The Adler Planetarium’s Webster Institute for the History of Astronomy announces the publication of Eastern Astrolabes by David Pingree. More information can be found at http://www.adlerplanetarium.org.

Volume 11 of the Papers of Joseph Henry, edited by Marc Rothenberg, won the 2009 Thomas Jefferson Prize of the Society for History in the Federal Government for outstanding documentary edition. For further information, go to http://www.shfg.org.

Nicolaas Rupke has been elected to a Lower Saxony Research Professorship in the History of Science. Rupke is one of the first half dozen to be offered a Lower Saxony Chair and the only humanities scholar among them.
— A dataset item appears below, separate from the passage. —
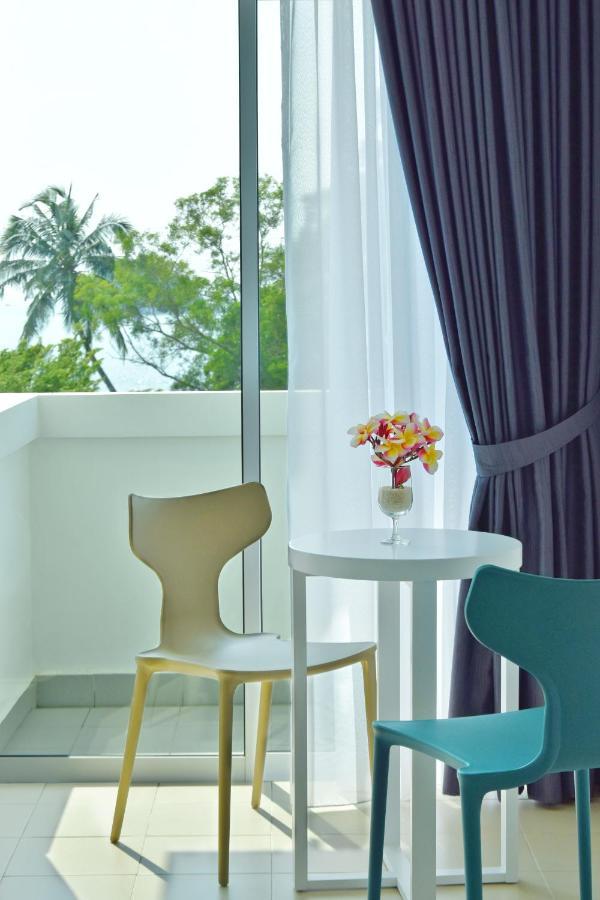 Avi Pangkor Beach Resort Kampong Pasir Bogak Eksteriør billede
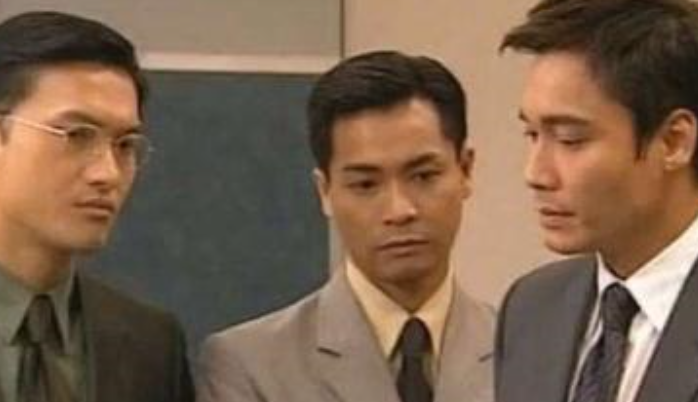 tvb著名男星,三获视帝称号,遭女友抛弃后活成人生赢家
The American Council for Learned Societies names Nancy Sirasi, Distinguished Professor, Hunter College, City University of New York (retired), as the 2010 Charles Homer Haskins Prize Lecturer. The lecture will take place on 7 May at the 2010 ACLS Annual Meeting in Philadelphia. For more information, http://www.acls.org/news/Default.aspx?id=4198.

Jeffrey Sturchio takes up his new position as President and CEO of the Global Health Council on 1 August. For details, see http://www.globalhealth.org/news/article/11138. He previously worked as President of the Merck Company Foundation and Vice President, Corporate Responsibility. He continues as Chairman of the Corporate Council on Africa and as a Visiting Scholar, Institute for Applied Economics and the Study of Business Enterprise, The Johns Hopkins University.

C. Michele Thompson has been promoted to Full Professor in the Department of History at Southern Connecticut State University. She was also named the 2008-09 Connecticut State Trustees Research Scholar of the Year for Southern Connecticut State University.